ちょっと、表面がてかてかしたジャケットを羽織っていたその女子は、まじまじとディスプレイをのぞき込んでいた。瑛人の位置から女子を見ると、ちょうど見上げる形になった。その女子のネックレスやイヤリングがきらきらと揺れている様子が見えた。ふだん、この角度で女子を見上げることはなかなかないだろう。女子は躊躇することなく瑛人に声をかけた。
「あなたが『ドローンファイター』だったの?」
その女子の声を聞いて瑛人は思い出した。こいつは、予備校の同級生の染野だ。まともに会話したことがないのに、なんて、馴れ馴れしい態度なんだろう。

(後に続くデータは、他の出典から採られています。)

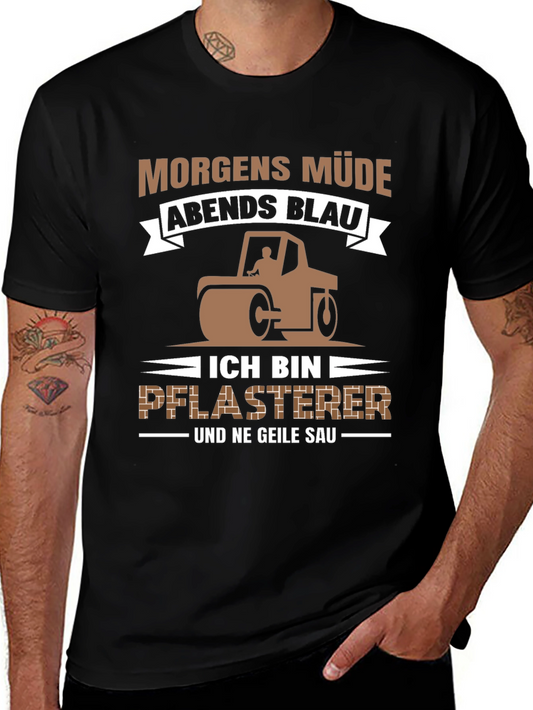 Morgens Mude Pflasterer T-Shirt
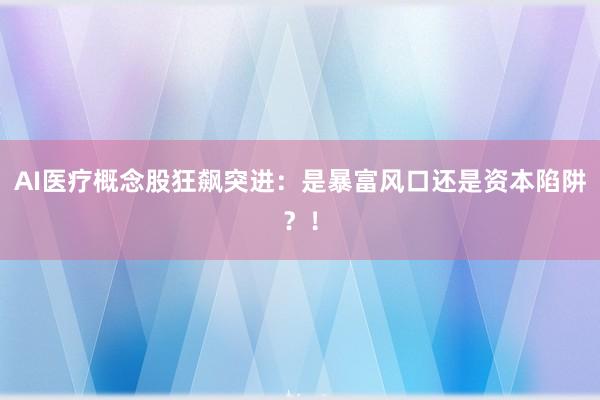 AI医疗概念股狂飙突进：是暴富风口还是资本陷阱？！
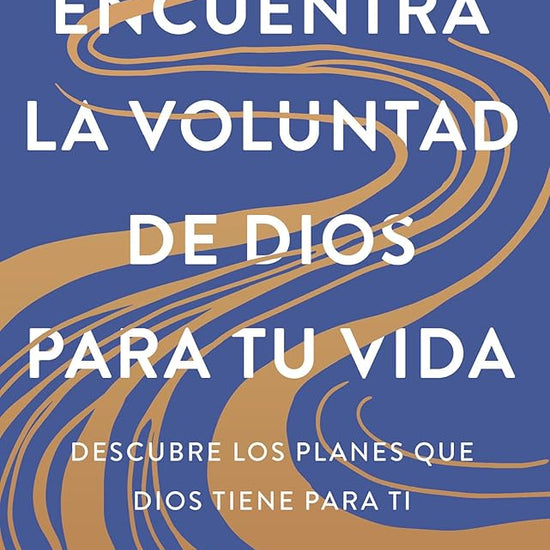 Encuentra la voluntad de Dios para tu vida: Descubre los planes que Dios tiene para ti / Finding God's Will for Your Life (Spanish Edition) cover image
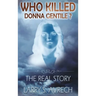 Who Killed Donna Gentile: The Real Story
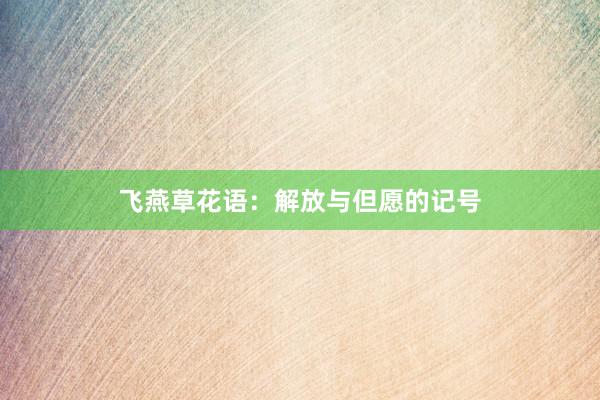 飞燕草花语：解放与但愿的记号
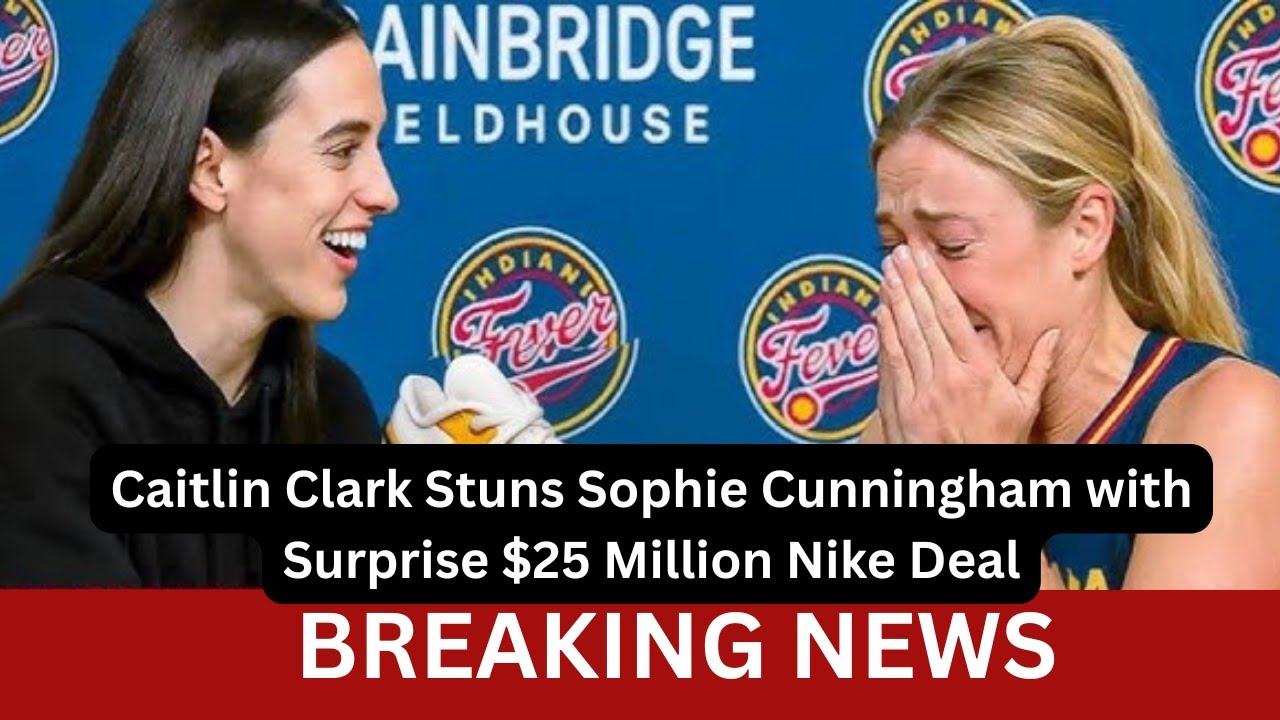 Caitlin Clark Stuns Sophie Cunningham with Surprise $25 Million Nike Deal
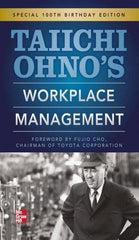 McGraw-Hill - TAIICHI OHNOS WORKPLACE MANAGEMENT Handbook, 1st Edition - by Taiichi Ohno, McGraw-Hill, 2012 - Exact Tooling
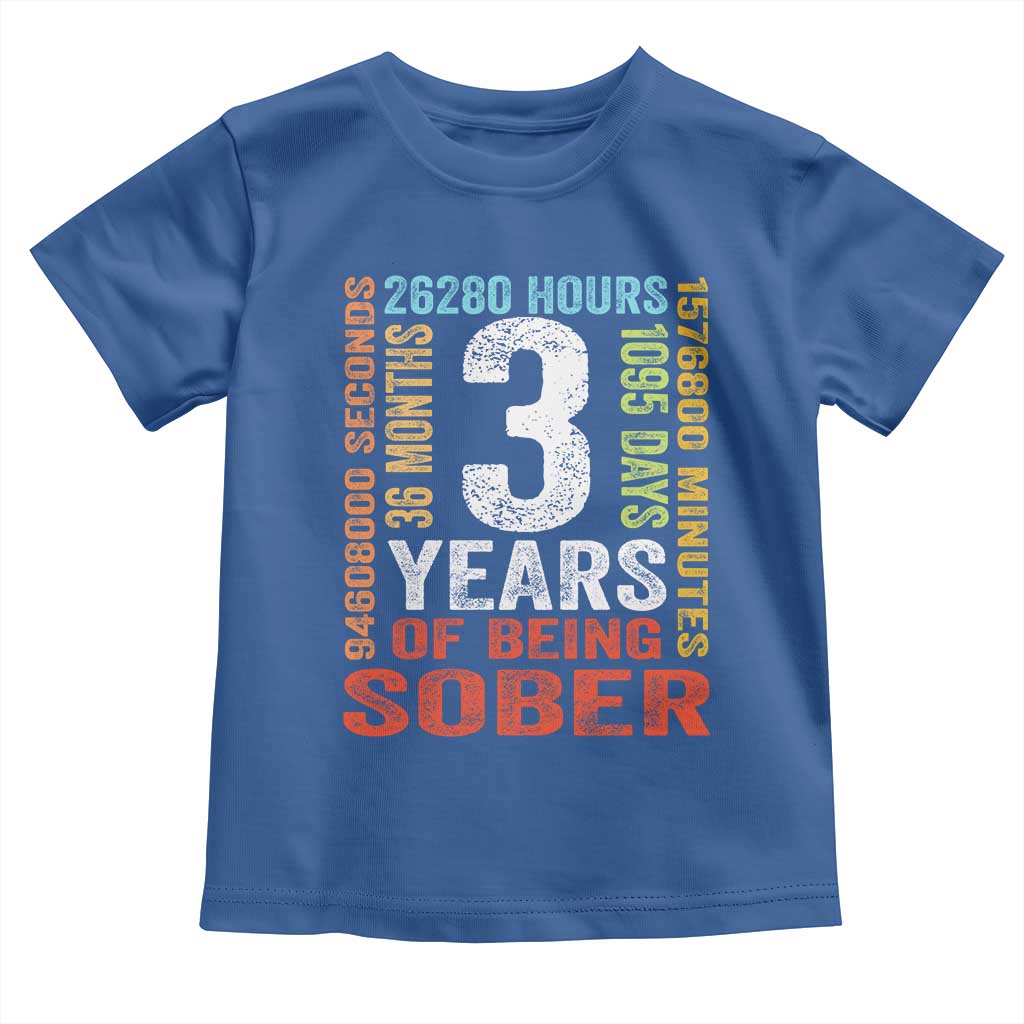 3 Years Of Being Sober Toddler T Shirt 3 Years Sobriety Anniversary Addiction Recovery
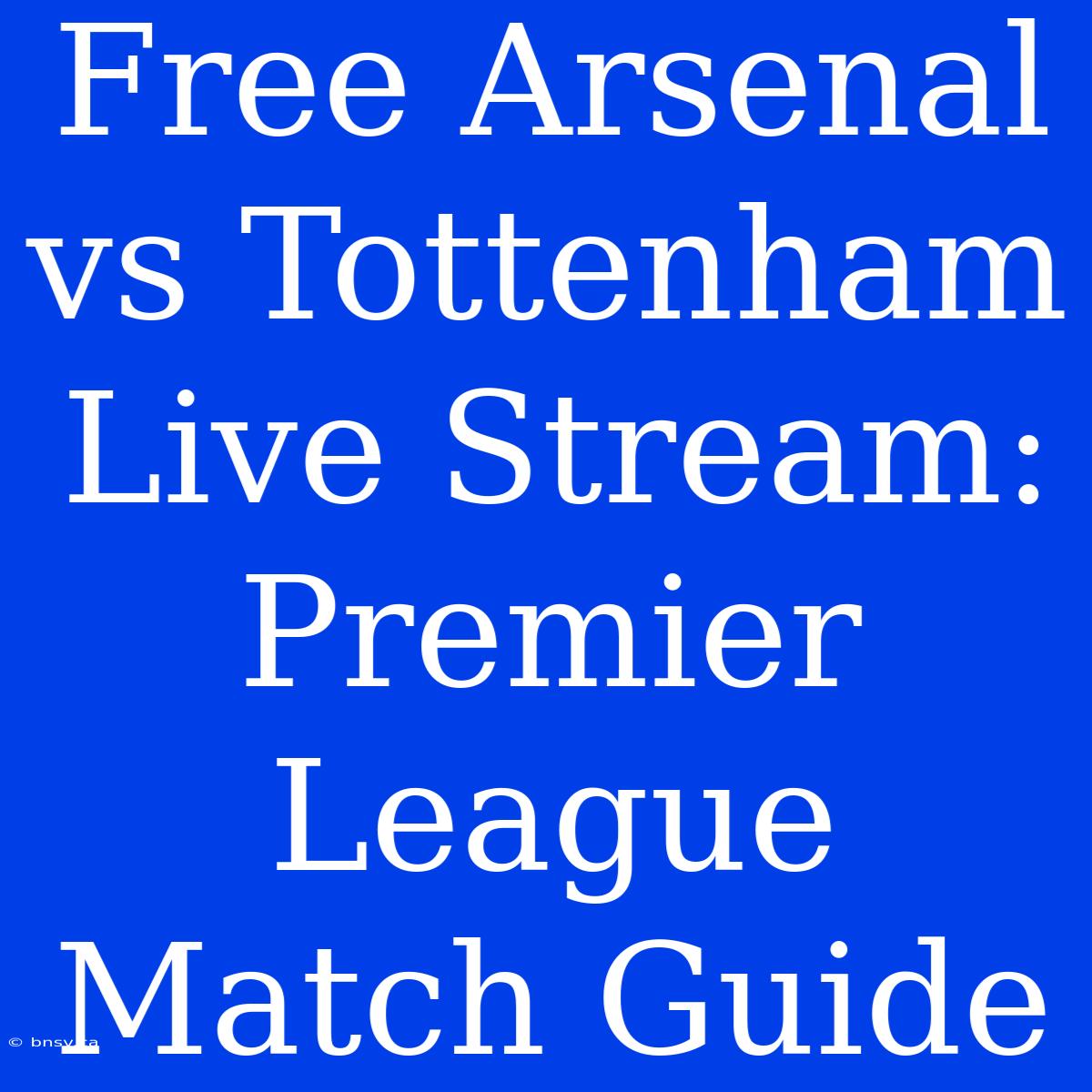 Free Arsenal Vs Tottenham Live Stream: Premier League Match Guide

しかし、実際に画面には『DRONE FIGHTER』と表示されている。何の言い逃れもできない。
「まあね」
瑛人は静かに答えた。確か染野は慶応大学に進学したはず。こちらが浪人していると分かっていて声を掛けているのか?嫌味なやつだ。このまま立ち去ってもよいのだが、少し会話してみよう。
「染野さんがスカグラをやるだなんて意外だね」
「この前の東大模試。結果どうだったの?」
こちらの質問を無視したうえで、浪人生にそんなことを聞いてくるだなんて、どういう神経なんだ。どうかしている。
「B判定。まあ、B判定で十分だと思ってるけど」
「そうなの、わたし、D判定だったわ。1回目はA判定だったのに油断したわ」
「は?慶應大学はどうなったの?」
「私は東大に行きたいのよ。親が現役にこだわるから慶應に進学したの。あなたみたいにわざと滑り止めを不合格にするだなんていう度胸はなかったわ。来年の入試に受かって、わたしは東大に行くのよ」
わざと不合格??はは、そんなことあり得ないんだけどな。
「ねえ、今度、あなたの複座に乗せてよ」
相手は現役大学生だ。一緒にゲームで遊んでいる余裕あるんだろうか?しかし、いろいろ情報交換できるかもしれない。これもよいだろう。
「いいよ」
スカイグラディエーターの筐体には、二人乗り込める形態の筐体が用意されている。しかし、その場合、二人乗りでも操縦できるのは一人で、もう一人もARヘルメットを装着して、同じ戦闘画面を体験できるようになっている。これが複座システムである。
その後、速水瑛人と
「ドリームサーキット秋葉原店」の入り口近くのディスプレイに「スカイグラディエーター」の月間ランキングが表示させていた。
1.DRONE FIGHTER 11854ポイント
2.NOBELIST 7533ポイント
3.KEIO GIRL 5420ポイント
10.KING KAZU 4480ポイント
ここでの1位「DRONE FIGHTER」が速水で、3位の「KEIO GIRL」が染野であった。
速水瑛人は一覧表をみて気づいた。2位の「NOBELIST」は綴りが間違っていて、本当は「NOVELIST」が正しいんじゃないだろうかと。